A tensor phase theory with applications in multilinear control

TL;DR

This paper develops a phase theory for tensors under the Einstein product, introducing sectorial tensor decomposition, phase quantification, and a tensor small phase theorem, with applications in stability analysis of multilinear control systems.

Contribution

It introduces a novel tensor phase theory with sectorial decomposition, phase bounds, and a tensor small phase theorem, advancing multilinear control system analysis.

Findings

Derived sectorial tensor decomposition for defining tensor phases.

Proposed numerical procedures for computing tensor phases.

Established bounds on eigenvalue angles of tensor products.

Abstract

The purpose of this paper is to initiate a phase theory for tensors under the Einstein product, and explore its applications in multilinear control systems. Firstly, the sectorial tensor decomposition for sectorial tensors is derived, which allows us to define phases for sectorial tensors. A numerical procedure for computing phases of a sectorial tensor is also proposed.
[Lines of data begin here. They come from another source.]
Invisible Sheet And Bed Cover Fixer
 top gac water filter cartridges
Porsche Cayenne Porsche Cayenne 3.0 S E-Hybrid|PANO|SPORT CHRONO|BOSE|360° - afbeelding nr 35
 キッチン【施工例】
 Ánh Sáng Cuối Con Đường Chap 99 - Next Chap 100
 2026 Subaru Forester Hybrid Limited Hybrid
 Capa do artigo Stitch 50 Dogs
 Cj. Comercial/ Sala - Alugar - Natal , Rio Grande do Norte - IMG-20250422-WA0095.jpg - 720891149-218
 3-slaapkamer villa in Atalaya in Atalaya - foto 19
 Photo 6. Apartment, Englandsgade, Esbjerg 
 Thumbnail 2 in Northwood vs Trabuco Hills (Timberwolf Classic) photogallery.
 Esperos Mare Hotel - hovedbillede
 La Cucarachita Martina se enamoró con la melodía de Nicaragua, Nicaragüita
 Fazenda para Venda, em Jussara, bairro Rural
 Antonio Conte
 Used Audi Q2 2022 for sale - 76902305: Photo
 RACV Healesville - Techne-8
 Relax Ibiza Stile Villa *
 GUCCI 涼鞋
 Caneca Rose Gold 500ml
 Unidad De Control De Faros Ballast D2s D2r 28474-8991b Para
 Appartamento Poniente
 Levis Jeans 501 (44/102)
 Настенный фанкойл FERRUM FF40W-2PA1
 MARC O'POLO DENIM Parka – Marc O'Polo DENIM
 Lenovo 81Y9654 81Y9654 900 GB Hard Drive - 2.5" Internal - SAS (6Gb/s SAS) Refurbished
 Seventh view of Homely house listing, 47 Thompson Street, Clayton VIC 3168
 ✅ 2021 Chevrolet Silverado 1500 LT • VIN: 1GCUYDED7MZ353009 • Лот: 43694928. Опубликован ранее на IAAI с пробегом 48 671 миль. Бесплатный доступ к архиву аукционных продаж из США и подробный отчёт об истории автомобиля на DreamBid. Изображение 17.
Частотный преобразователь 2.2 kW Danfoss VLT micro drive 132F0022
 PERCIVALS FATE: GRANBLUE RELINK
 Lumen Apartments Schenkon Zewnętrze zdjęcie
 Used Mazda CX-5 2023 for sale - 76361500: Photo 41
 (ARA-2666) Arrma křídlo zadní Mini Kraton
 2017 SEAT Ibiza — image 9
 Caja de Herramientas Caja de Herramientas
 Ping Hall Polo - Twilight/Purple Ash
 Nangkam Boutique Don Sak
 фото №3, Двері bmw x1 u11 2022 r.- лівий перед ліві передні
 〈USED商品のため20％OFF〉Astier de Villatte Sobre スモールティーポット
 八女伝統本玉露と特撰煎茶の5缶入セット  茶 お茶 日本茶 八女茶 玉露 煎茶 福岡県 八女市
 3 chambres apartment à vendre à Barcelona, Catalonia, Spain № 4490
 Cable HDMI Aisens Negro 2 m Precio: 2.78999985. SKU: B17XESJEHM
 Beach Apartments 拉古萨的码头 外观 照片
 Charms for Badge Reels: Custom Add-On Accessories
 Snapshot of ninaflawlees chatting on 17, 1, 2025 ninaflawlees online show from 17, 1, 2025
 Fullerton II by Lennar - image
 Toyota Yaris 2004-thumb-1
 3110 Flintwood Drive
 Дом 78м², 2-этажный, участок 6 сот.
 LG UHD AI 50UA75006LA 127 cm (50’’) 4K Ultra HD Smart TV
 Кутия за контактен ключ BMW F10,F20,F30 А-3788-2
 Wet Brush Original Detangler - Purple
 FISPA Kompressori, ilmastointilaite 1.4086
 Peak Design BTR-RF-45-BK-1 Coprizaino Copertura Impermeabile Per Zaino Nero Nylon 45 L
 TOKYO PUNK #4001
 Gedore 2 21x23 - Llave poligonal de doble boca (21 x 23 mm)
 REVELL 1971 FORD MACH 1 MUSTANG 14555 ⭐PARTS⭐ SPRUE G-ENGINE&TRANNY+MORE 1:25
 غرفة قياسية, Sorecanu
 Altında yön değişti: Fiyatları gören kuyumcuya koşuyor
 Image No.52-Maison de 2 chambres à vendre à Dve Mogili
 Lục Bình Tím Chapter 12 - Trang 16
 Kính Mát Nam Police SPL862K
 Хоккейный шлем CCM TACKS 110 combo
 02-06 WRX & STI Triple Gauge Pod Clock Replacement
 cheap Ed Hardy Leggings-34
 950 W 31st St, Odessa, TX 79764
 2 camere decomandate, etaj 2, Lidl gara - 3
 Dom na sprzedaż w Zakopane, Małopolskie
Secondly, the maximin and minimax expressions for tensor phases are given, which are used to quantify how close the phases of a sectorial tensor are to those of its compressions. Thirdly, the compound spectrum, compound numerical ranges and compound angular numerical ranges of two sectorial tensors $A,B$ are defined and characterized in terms of the compound numerical ranges and compound angular numerical ranges of the sectorial tensors $A,B$. Fourthly, it is shown that the angles of eigenvalues of the product of two sectorial tensors are upper bounded by the sum of their individual phases. Finally, based on the tensor phase theory developed above, a tensor version of the small phase theorem is presented, which can be regarded as a natural generalization of the matrix case, recently proposed in Ref. [10]. The results offer powerful new tools for the stability and robustness analysis of multilinear feedback control systems.